Why have dogs evolved to hear higher pitches than us?

Dogs have high-frequency hearing, which means that they can hear sounds that humans cannot.


Asked by: Janine Kay, by email

Humans can hear frequencies up to about 20kHz, whereas dogs hear up to 45kHz. Almost all mammals have much better high-frequency hearing than other vertebrates - fish, amphibians and reptiles only hear up to about 5kHz, and birds up to 8-12kHz.
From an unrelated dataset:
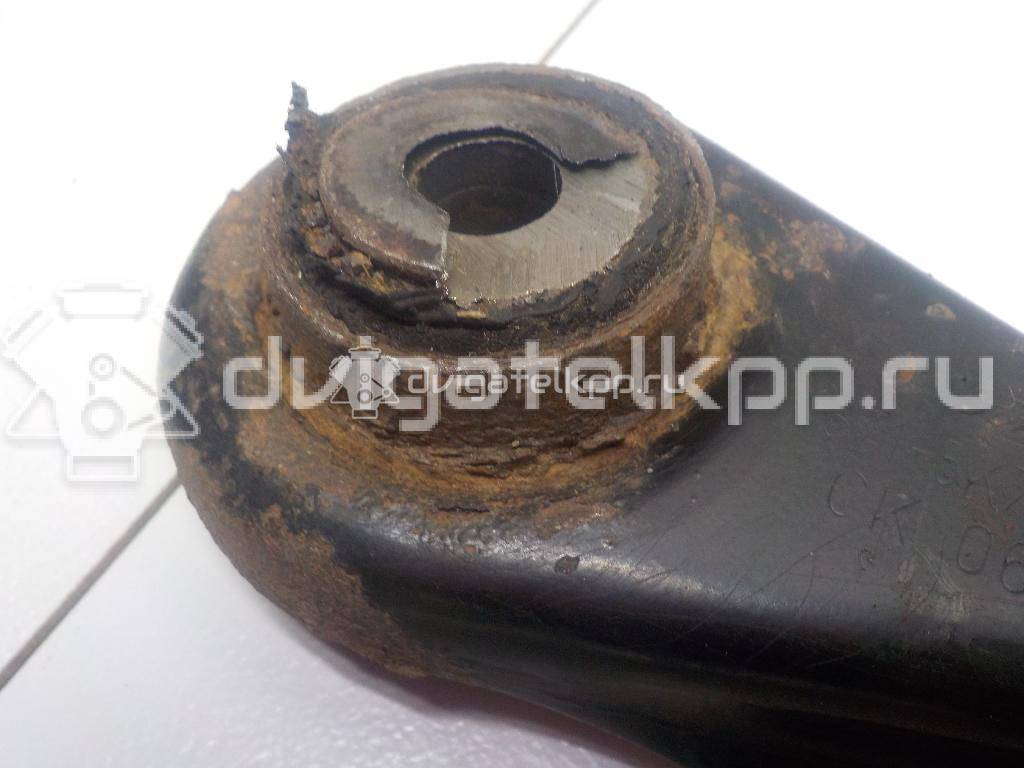 Фото Рычаг задний поперечный  1s715k743ac для Ford Focus / Kuga / Mondeo {forloop.counter}}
It's not that mammals need high-frequency hearing for communication - most can hear frequencies well above the ones they make themselves. Instead, mammals have adapted in this unique way so they can locate where a sound is coming from. Called 'binaural spectral-difference cueing', their special way of hearing works by comparing the frequency range of a sound as it arrives in each ear. Because the ear on the farthest side is partially 'shadowed' by the head, some of the frequencies will be absorbed - higher frequencies are absorbed more than lower ones.
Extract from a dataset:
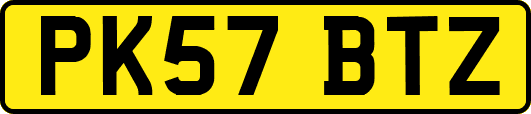 PK57BTZ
But the smaller the head, the less effect it has on lower frequency sounds, so the animal must be able to hear a higher upper frequency limit in order to be able to detect the spectral-difference effect. A mouse needs to hear up to 90kHz to use binaural spectral-difference cues, whereas an elephant manages with just 10kHz. Dogs fall somewhere in the middle because they have smaller heads than us.